* [Exercise requirements]: What you return should be the complete data below, word for word, with no pictures in it.

* [Given material]:
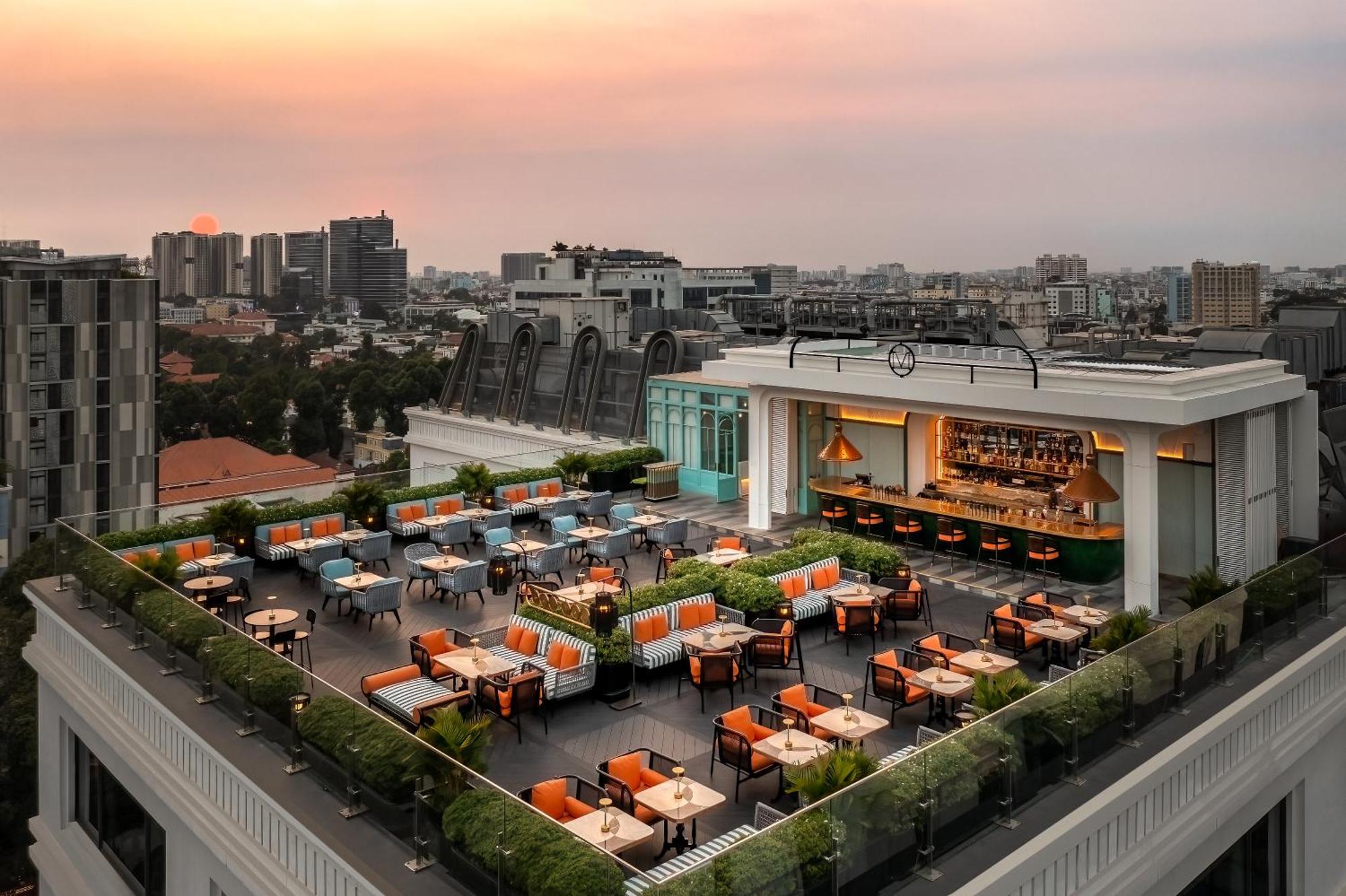 Mai House Saigon Hotel Ho Chi Minh-staden Exteriör bild The rooftop bar at the hotel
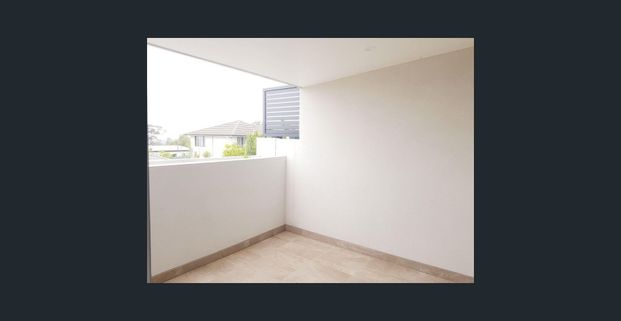 Cosy 1-bed apartment - Available NOW! - Photo 1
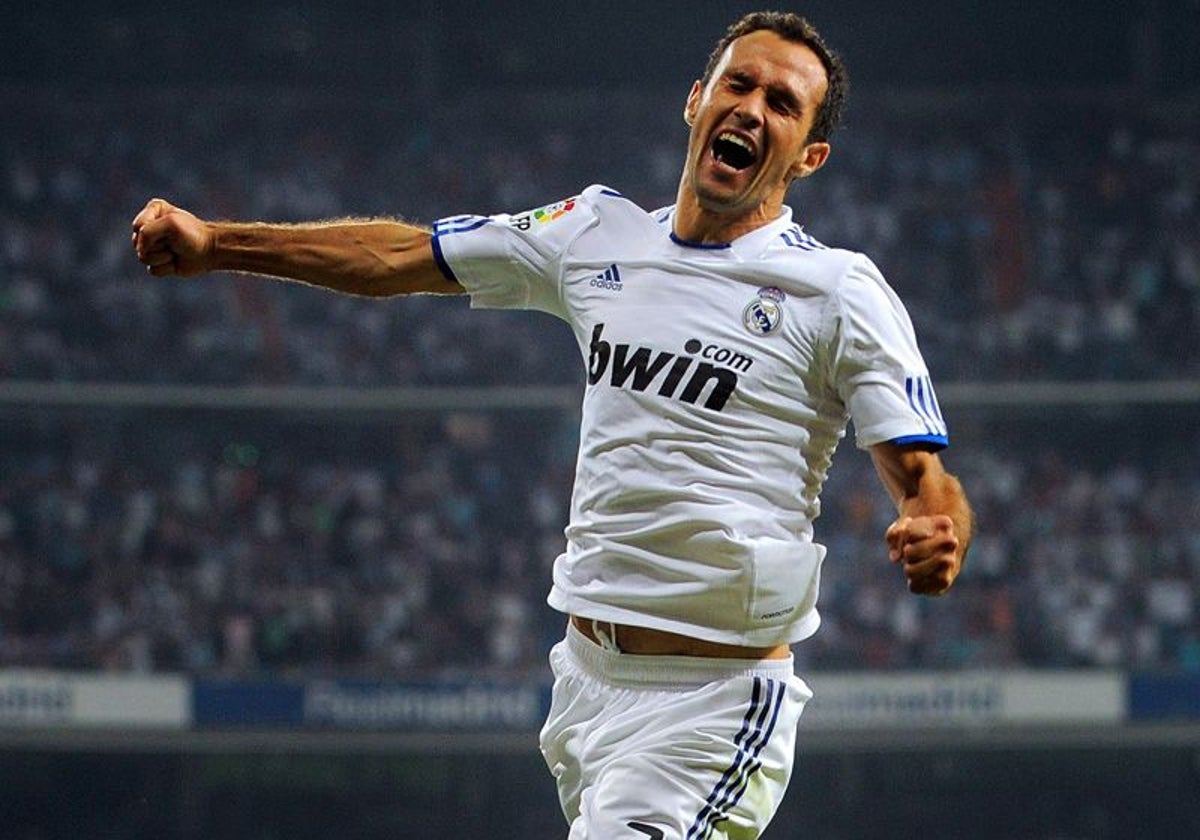 Ricardo Carvalho, celebrando un gol en su etapa en el Madrid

* [Answer space]:
 Mai House Saigon Hotel Ho Chi Minh-staden Exteriör bild The rooftop bar at the hotel
 Cosy 1-bed apartment - Available NOW! - Photo 1
 Ricardo Carvalho, celebrando un gol en su etapa en el Madrid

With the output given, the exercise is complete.